How much do you know, cryptonuta?

Is CLTV able to modify the properties of scripts over time and under certain conditions?

TRUE!

One of the biggest features of CLTV is that making use of it allows creating scripts that can easily modify the conditions for the activation of an event or transaction on the Bitcoin blockchain.

CLTV implementation

One of the biggest and most important potentials of the CLTV function is to allow the creation of payment channels and that these can be implemented correctly. Through the payment channels, micro-transactions can be created outside the blockchain. All without having to pay so many commission fees for each one and without collapsing the blockchain.

In payment channels, a user can carry out a transaction to another by depositing a certain amount of cryptocurrencies in a multi-signature address (MultiSig). Both users will have access to that address. And the user who carries out the transaction can sign small transactions that will be made to the other user from those funds. This until you get the desired product. The remaining funds will be returned to you in a return transaction for each micro-transaction you make. While the merchant will be able to claim the final accumulated payment, which will have been made without collapsing the blockchain and for which Maria paid only a commission fee.

Example of how CLTV works

If Maria wants to see a video, but she must pay 1 sat per second viewed. Maria does not want to carry out these 1 sat per second transactions through a conventional Bitcoin transaction. Since for this you must pay the commission fee for each transaction you make. In addition, you must wait for said transaction to be confirmed in a block; what happens every 10 min in Bitcoin.

Seeing that it is not convenient, María decides to create a payment channel. In this channel, it will make a deposit in a multi-signature address of 0.5 BTC, which is equivalent to 50.000.000 satoshis. Both the merchant and Maria will have access to the multi-signature address. So when Maria starts viewing the video, she will sign a transaction where she will send 1 sat to the merchant for the first second displayed. And 49.999.999 sats to a change address for your membership.

This process will be repeated several times as long as Maria continues to watch the video. That is to say, she will continue signing micro-transactions and paying the amount of satoshis equivalent to the seconds that she visualizes of the video, and depositing her laps in a return address. If Maria only viewed 2 seconds of video, then she will sign a new transaction, but this time 2 sat for the merchant and 49.999.998 sat for her return address. If you viewed only 3 seconds, you will sign another transaction, but this time 3 sat for the merchant and 49.999.997 sat for your return address.

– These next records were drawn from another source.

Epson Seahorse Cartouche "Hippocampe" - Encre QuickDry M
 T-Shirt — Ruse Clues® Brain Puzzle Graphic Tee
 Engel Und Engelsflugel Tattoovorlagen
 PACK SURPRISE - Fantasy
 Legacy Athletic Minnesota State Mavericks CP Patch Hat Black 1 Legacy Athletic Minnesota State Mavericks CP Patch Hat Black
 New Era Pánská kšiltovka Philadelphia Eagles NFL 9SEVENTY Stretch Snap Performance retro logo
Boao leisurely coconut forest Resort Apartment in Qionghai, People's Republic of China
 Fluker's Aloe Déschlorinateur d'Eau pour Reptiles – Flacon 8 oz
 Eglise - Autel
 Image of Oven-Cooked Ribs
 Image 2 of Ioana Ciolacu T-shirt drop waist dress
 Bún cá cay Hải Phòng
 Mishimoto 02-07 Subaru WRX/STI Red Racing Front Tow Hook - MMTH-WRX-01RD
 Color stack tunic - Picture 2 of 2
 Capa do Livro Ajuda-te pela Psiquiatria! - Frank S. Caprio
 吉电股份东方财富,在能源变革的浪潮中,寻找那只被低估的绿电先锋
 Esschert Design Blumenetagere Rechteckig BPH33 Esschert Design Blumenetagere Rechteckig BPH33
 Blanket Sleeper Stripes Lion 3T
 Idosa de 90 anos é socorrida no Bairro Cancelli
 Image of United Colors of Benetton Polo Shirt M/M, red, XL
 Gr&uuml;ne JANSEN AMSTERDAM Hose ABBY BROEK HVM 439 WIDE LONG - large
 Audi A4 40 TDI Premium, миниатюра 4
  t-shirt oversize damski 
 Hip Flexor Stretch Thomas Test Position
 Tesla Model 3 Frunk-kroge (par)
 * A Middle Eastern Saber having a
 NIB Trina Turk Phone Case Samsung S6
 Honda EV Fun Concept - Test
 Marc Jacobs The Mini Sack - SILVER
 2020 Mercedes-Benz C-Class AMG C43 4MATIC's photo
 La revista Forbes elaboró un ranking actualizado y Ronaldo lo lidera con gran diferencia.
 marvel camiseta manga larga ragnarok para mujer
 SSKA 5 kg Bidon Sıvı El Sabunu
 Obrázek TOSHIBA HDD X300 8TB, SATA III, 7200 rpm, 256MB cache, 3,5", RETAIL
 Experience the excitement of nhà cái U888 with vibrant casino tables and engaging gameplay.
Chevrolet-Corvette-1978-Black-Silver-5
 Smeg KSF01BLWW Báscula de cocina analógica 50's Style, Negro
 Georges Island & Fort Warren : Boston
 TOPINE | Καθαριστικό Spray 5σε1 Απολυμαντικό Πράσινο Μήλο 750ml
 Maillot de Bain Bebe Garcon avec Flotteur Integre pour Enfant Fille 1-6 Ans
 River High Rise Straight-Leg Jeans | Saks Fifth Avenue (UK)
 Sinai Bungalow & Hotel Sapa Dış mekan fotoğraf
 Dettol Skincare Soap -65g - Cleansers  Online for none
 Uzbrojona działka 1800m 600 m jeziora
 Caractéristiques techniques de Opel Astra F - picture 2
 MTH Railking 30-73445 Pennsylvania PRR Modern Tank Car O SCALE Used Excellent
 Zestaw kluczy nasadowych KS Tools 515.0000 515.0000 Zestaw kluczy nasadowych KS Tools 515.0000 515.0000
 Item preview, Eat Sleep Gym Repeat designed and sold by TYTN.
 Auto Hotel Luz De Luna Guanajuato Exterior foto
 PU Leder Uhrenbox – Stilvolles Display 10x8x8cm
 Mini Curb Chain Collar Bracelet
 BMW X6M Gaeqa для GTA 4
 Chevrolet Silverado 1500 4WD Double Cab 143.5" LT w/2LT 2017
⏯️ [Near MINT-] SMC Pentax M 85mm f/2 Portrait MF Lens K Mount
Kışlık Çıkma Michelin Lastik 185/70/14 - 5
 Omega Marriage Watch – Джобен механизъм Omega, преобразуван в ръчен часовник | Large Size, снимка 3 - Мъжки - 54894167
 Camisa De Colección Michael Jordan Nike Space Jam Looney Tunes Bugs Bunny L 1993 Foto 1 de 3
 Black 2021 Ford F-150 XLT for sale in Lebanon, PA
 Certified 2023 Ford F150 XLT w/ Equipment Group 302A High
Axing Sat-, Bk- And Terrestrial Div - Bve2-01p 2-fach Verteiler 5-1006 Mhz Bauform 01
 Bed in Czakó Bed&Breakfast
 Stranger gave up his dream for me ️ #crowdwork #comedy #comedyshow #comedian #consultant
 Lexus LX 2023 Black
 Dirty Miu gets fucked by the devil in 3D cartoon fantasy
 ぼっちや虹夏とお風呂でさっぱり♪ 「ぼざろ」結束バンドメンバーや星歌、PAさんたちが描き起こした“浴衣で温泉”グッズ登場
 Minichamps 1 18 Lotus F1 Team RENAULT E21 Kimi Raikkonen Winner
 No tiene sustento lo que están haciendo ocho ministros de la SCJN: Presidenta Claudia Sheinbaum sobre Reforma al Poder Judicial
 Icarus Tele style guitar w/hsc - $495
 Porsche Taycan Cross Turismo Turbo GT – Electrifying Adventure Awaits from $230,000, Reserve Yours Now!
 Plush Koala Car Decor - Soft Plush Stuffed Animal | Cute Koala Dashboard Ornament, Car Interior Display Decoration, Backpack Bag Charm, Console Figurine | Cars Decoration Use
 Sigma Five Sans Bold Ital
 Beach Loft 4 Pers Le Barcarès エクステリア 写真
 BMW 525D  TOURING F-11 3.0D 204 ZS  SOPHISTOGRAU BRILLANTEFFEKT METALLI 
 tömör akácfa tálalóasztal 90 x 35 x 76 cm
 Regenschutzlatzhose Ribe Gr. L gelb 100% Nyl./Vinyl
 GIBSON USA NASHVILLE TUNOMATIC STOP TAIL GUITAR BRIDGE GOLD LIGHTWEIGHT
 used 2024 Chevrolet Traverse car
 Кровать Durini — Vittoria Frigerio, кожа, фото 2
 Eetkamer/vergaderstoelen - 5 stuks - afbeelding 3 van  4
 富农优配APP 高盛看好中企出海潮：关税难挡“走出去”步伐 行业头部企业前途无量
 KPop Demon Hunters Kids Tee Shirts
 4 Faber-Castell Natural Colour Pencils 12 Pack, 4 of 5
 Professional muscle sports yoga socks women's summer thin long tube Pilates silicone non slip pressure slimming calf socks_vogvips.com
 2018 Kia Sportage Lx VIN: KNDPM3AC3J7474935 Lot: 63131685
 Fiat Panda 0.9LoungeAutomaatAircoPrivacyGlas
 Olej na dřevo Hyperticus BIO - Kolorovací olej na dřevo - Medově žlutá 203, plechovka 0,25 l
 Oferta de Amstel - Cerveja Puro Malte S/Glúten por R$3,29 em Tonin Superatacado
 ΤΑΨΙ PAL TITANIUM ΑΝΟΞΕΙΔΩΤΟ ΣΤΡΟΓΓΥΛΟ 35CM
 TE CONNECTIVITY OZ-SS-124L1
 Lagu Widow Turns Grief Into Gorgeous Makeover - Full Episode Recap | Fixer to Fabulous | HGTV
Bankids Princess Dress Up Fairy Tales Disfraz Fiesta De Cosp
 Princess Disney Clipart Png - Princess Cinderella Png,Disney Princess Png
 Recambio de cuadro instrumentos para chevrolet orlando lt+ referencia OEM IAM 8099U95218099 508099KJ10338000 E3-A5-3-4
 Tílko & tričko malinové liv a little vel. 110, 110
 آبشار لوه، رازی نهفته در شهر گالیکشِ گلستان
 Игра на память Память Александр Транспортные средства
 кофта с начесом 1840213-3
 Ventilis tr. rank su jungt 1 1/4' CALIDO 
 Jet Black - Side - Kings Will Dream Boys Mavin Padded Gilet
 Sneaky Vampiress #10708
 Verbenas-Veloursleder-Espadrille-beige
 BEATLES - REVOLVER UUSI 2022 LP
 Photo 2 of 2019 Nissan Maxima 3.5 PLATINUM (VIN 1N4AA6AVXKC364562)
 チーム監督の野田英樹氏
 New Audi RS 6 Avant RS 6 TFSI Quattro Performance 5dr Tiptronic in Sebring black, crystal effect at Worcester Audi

During this process, the merchant will not claim or sign the 1 sat or 2 sat transactions received. Rather, he will wait for Maria to view everything she wants from the video and claim the final payment. That is, the largest transaction. The rest of the transactions made at the beginning will not be signed since it would imply a double expense. So the merchant must choose the largest transaction that contains all the received satoshis, in this example the 3 satoshis transaction.

In addition, in the end, the merchant signs only one transaction, this is the one that will be added to the blockchain and will be the only one for which the commission fee corresponding to the miners must be canceled. Furthermore, Maria can implement a CLTV transaction at the beginning to guarantee the returnability of your funds deposited in the multi-signature address. If you set a certain time for both to sign the transaction, and for whatever reason, one or neither of you can sign it before that time. So Maria can get her money back. Because if the transaction is not signed before the established condition, Maria can sign the transaction and have her money back after the established time has elapsed.

So in summary, the code OP_CHECKLOCKTIMEVERIFY offers a positive advantage for the implementation of smart contractsThis guarantees the integrity of the funds until they have reached the established block height or time mark. While avoiding system failure due to transaction malleability.